Anneke Van Woudenberg, an authority on the Great Lakes region with Human Rights Watch, told me that, thanks to allies like the United States and Britain, "any attempt to present the information contained in this report has been blocked, subverted, or really discouraged." And that, in turn, has emboldened the Rwandans. "The report starkly shows the consequences of a culture of impunity," she says. "You see the same crimes being committed again and again. And we're continuing to document those same abuses today. This is the kind of horrific cycle you get when you bury the truth, when you don't hold perpetrators to account." For this reason, Van Woudenberg views the report as a document of "immense historical importance."

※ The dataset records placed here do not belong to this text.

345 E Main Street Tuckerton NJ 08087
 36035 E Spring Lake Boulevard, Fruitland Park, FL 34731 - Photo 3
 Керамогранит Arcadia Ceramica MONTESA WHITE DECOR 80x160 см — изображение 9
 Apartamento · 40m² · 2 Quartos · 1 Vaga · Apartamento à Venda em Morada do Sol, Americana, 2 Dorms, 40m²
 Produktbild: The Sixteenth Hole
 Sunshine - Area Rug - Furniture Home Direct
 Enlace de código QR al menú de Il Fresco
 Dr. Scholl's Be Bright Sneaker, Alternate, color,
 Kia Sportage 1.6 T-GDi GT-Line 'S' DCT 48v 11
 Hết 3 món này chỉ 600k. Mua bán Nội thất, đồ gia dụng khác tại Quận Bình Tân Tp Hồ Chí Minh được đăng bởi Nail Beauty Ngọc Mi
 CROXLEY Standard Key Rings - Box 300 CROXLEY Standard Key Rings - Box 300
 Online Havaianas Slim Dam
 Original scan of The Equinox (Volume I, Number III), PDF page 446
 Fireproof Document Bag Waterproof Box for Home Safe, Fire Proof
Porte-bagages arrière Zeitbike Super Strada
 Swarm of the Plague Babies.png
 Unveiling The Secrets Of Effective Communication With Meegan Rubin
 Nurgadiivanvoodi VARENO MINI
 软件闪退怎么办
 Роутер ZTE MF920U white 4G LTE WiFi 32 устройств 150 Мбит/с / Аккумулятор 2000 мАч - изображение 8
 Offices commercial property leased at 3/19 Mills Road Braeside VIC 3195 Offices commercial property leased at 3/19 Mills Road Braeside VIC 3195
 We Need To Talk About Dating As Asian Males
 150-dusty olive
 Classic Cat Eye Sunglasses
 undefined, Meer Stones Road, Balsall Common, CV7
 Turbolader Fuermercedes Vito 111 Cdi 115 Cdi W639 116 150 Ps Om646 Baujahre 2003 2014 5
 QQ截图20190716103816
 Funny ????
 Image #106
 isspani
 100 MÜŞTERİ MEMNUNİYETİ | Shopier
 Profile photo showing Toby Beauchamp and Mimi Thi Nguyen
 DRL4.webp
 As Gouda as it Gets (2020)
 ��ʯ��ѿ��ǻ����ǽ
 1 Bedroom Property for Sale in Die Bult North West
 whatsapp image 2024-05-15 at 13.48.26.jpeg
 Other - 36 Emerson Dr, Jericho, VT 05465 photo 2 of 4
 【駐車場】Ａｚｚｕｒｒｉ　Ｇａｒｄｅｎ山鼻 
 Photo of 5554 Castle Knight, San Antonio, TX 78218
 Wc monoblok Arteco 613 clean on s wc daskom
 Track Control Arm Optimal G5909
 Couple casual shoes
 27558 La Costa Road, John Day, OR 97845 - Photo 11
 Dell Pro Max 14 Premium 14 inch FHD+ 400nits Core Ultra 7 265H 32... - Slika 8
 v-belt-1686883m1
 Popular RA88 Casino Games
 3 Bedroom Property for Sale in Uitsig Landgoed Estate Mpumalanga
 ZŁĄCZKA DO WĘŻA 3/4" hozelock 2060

It is not simply Rwanda's suffering that has bought it the protection of powerful states. "They have made themselves indispensable," says Fabienne Hara, a vice president of the International Crisis Group with long experience in the region. Washington has come to regard Rwanda as a "little military machine" to provide peacekeepers throughout the region (thus the seriousness of Rwanda's threat to withdraw its troops) and as a friendly "entry point" for intelligence and regional diplomacy -- a Central African Ethiopia. What's more, Kagame has turned Rwanda into an extraordinary success story, with a bustling economy, sound finances, and a highly effective military. And all he has asked in exchange -- like Israel -- is protection from international judgment as he makes his way in his very dangerous neighborhood.
There is disagreement among experts about how policymakers should wield the study. Hara and Van Woudenberg would like to see Washington and London press Kagame to limit his meddling in eastern Congo. Phil Clark, an Oxford University researcher and regional scholar, fears that the report's publication will widen fissures within the ruling elite in Kigali and thus imperil Kagame's hold on power. Whoever succeeds Kagame is likely to be a less-stabilizing figure, he argues.
Perhaps the report should have appeared a year from now, or a year ago. What matters is that the United Nations will place its imprimatur on allegations that have been circulating for years. Rwanda's friends have allowed the country, quite literally, to get away with murder. That tidy transaction must now come to an end. Rwanda is an important U.S. ally -- but allies, too, need to be held to account.